Scraped caption text data:
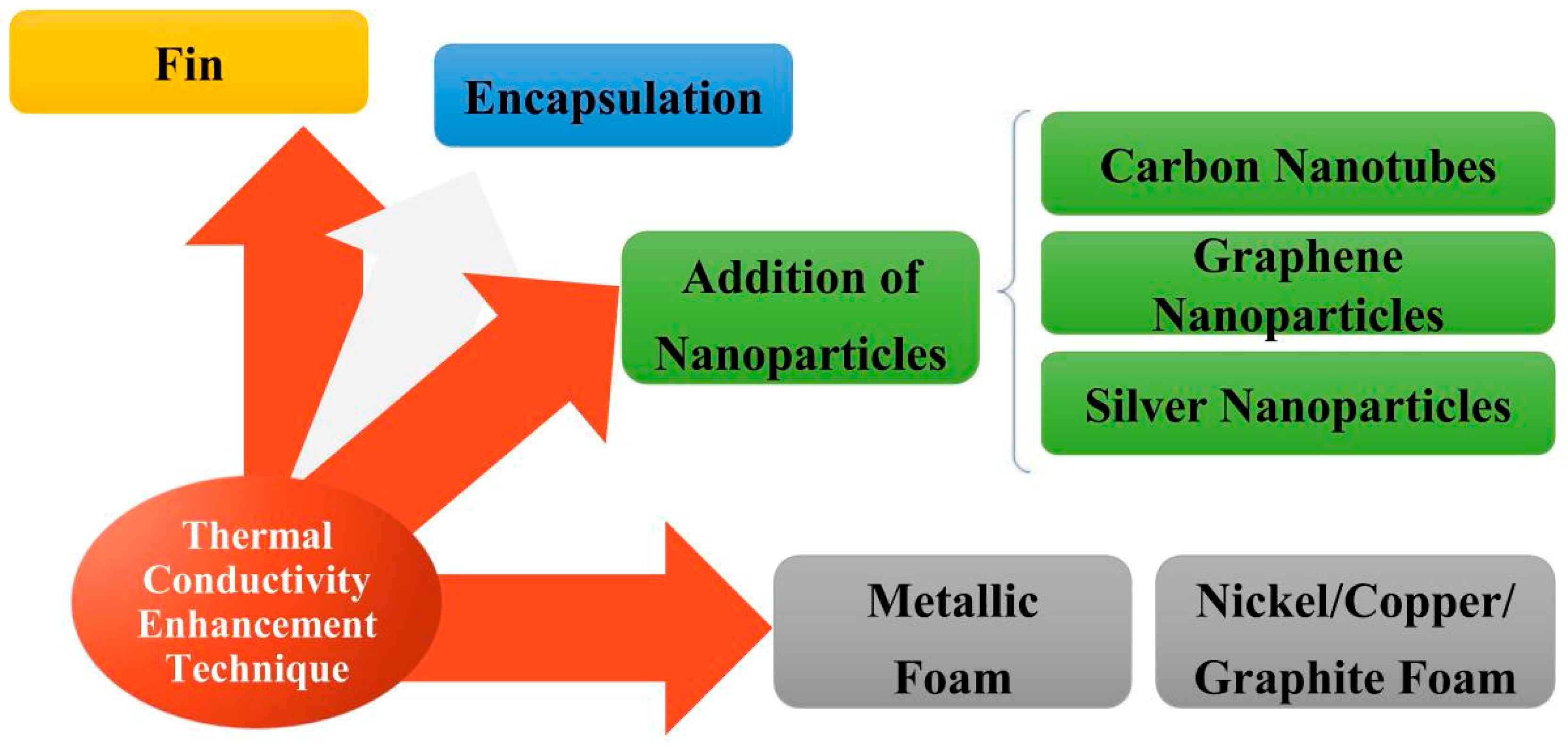 Materials 13 04622 g005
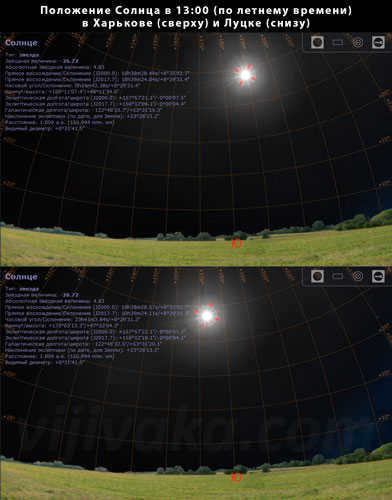 The wider the conventional time zone, the greater will be this difference.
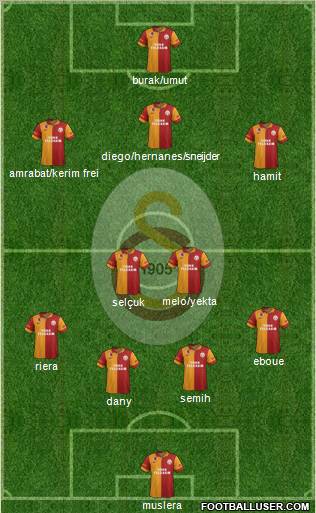 Galatasaray SK Formation 2012
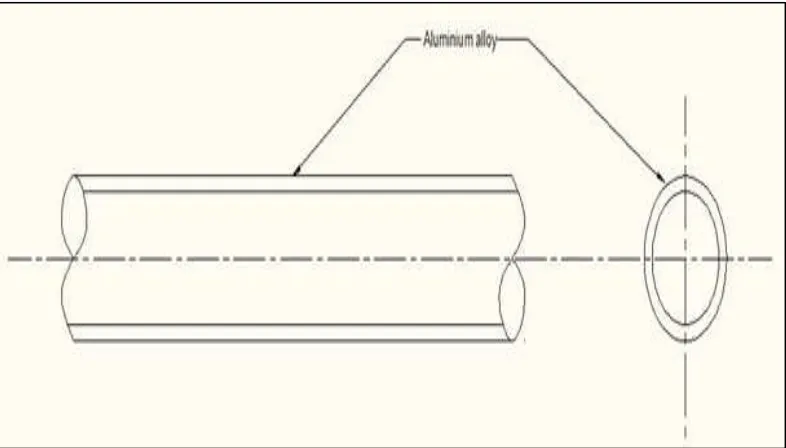 Fig. 2.1 (a): schematic diagram Aluminium drive shaft 
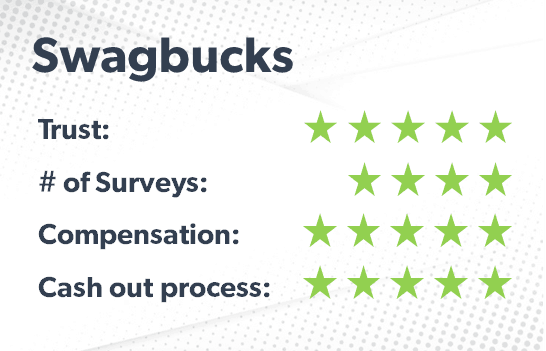 Swagbucks rating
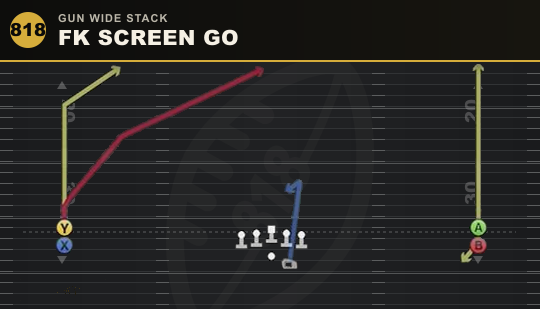 FK SCREEN GO from Gun Wide Stack
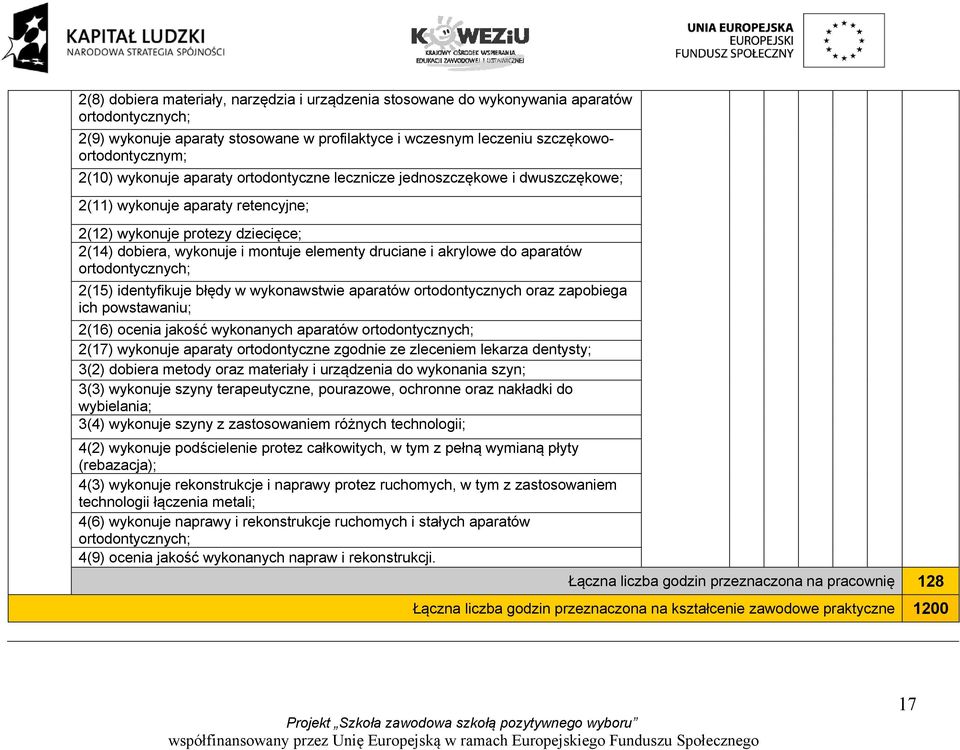 2(15) identyfikuje błędy w wykonawstwie aparatów ortodontycznych oraz zapobiega ich powstawaniu; 2(16) ocenia jakość wykonanych aparatów 2(17) wykonuje aparaty ortodontyczne zgodnie ze zleceniem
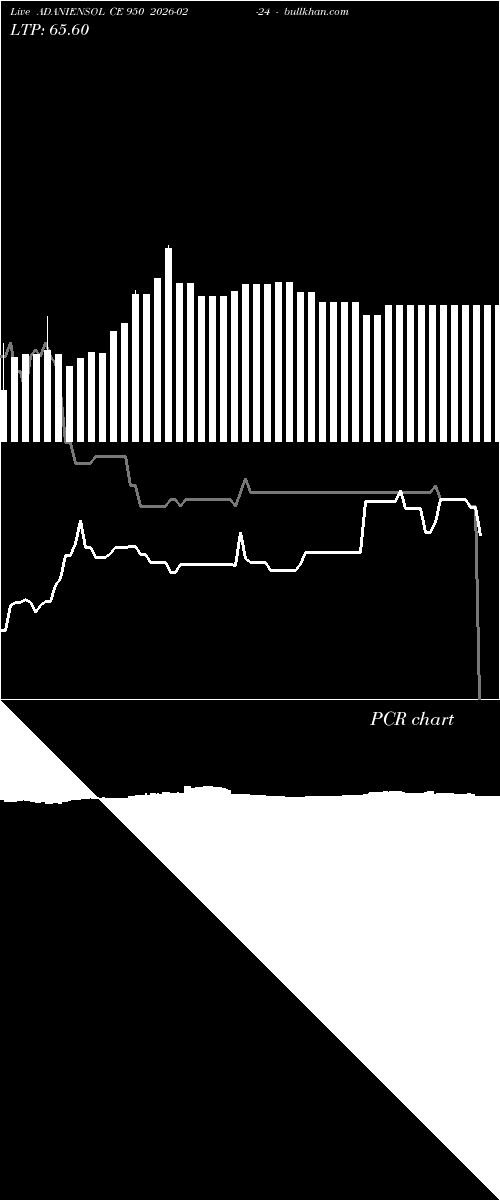  option chart ADANIENSOL CE 950 2026-02-24 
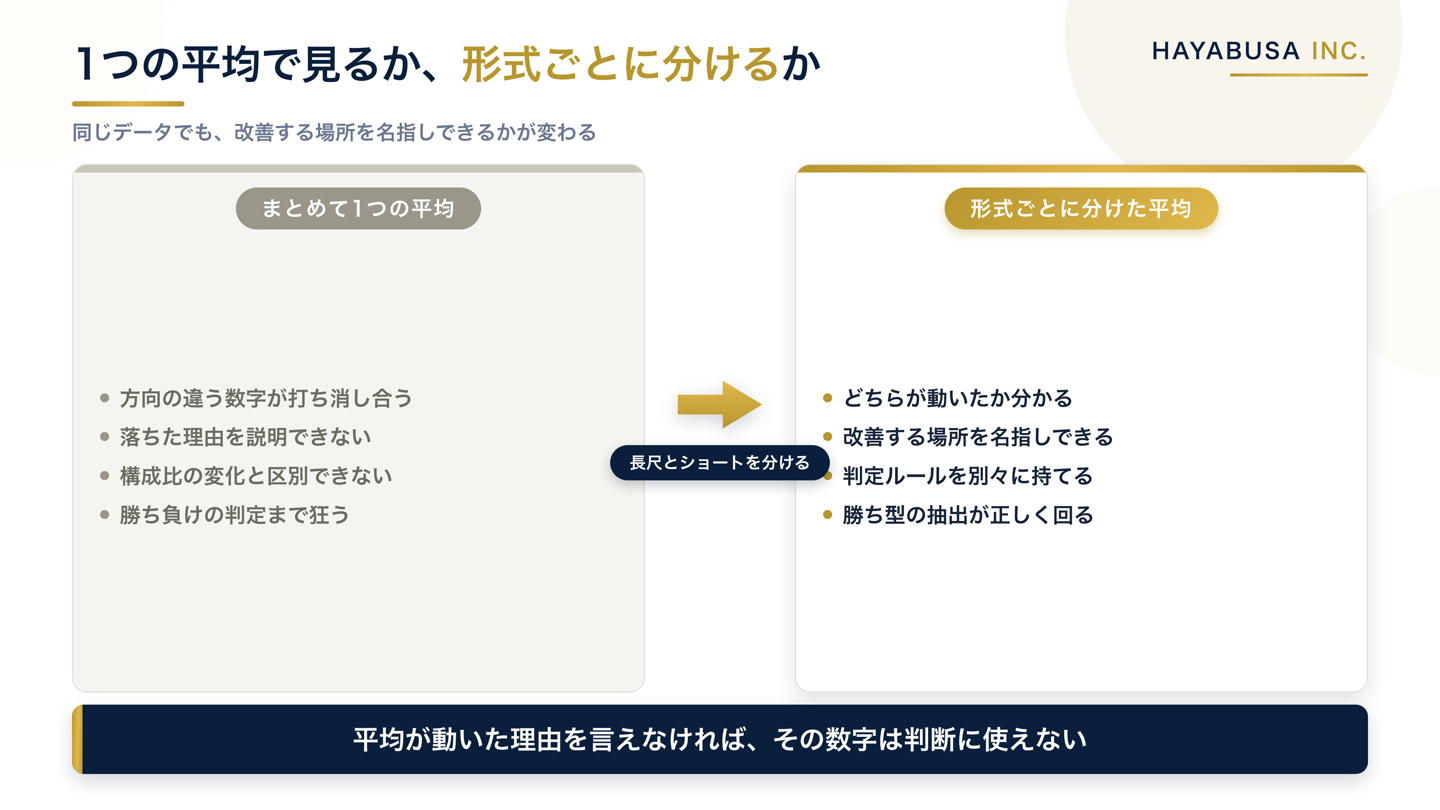 長尺とショートを1つの平均にまとめた場合と形式ごとに分けた場合を比べた図解。まとめると方向の違う数字が打ち消し合って原因を名指しできず、分けると改善する場所が特定できることを示す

EXERCISE BRIEF –
Of the lines above, quote exactly those from the one with "Galatasaray SK Formation 2012" through the one with "option chart ADANIENSOL CE 950 2026-02-24", ends included; pictures stay out.

SOLUTION TO THIS EXERCISE –
 Galatasaray SK Formation 2012
 Fig. 2.1 (a): schematic diagram Aluminium drive shaft 
 Swagbucks rating
 FK SCREEN GO from Gun Wide Stack
 2(15) identyfikuje błędy w wykonawstwie aparatów ortodontycznych oraz zapobiega ich powstawaniu; 2(16) ocenia jakość wykonanych aparatów 2(17) wykonuje aparaty ortodontyczne zgodnie ze zleceniem
  option chart ADANIENSOL CE 950 2026-02-24 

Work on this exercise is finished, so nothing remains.